*RECORDS SHOWN*.
::::::
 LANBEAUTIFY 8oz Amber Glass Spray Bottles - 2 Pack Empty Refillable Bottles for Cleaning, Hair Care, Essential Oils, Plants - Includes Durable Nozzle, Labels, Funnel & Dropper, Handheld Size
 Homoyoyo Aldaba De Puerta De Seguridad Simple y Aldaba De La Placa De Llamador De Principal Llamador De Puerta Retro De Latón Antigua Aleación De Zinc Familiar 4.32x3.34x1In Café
::::::
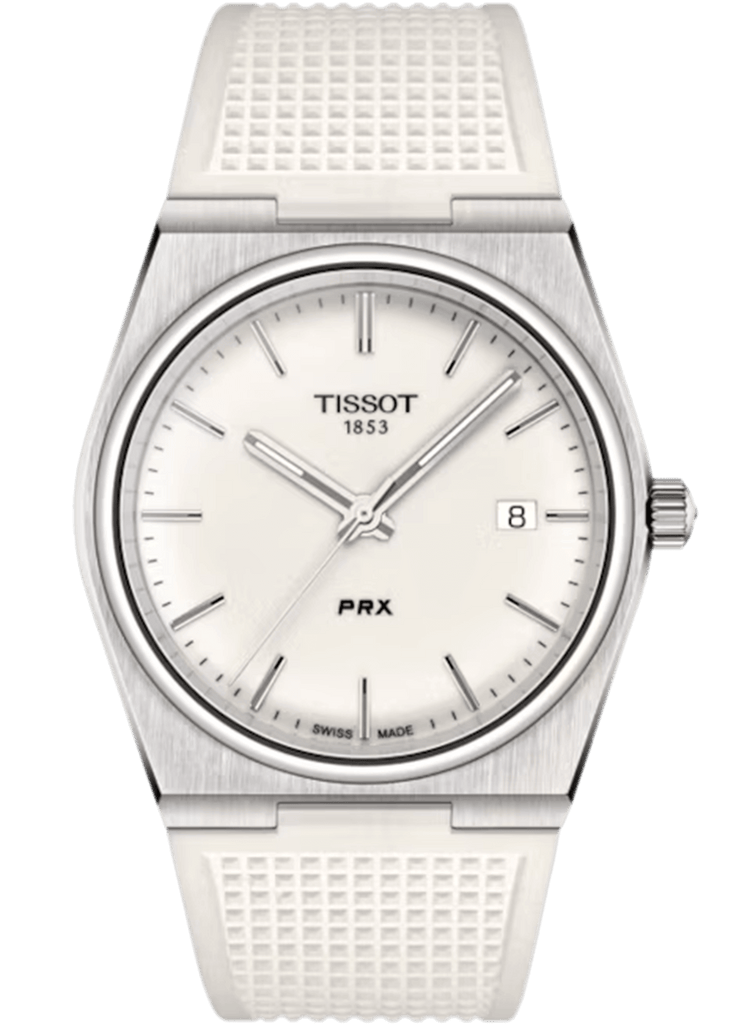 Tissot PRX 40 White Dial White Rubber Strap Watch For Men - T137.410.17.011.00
::::::
*REQUIRED WORK*.
Reproduce exactly, and only, the part of the listing above that begins at the line with "LANBEAUTIFY 8oz Amber" and goes on through the line with "Homoyoyo Aldaba De".

*SOLUTION BELOW*.
 LANBEAUTIFY 8oz Amber Glass Spray Bottles - 2 Pack Empty Refillable Bottles for Cleaning, Hair Care, Essential Oils, Plants - Includes Durable Nozzle, Labels, Funnel & Dropper, Handheld Size
 Homoyoyo Aldaba De Puerta De Seguridad Simple y Aldaba De La Placa De Llamador De Principal Llamador De Puerta Retro De Latón Antigua Aleación De Zinc Familiar 4.32x3.34x1In Café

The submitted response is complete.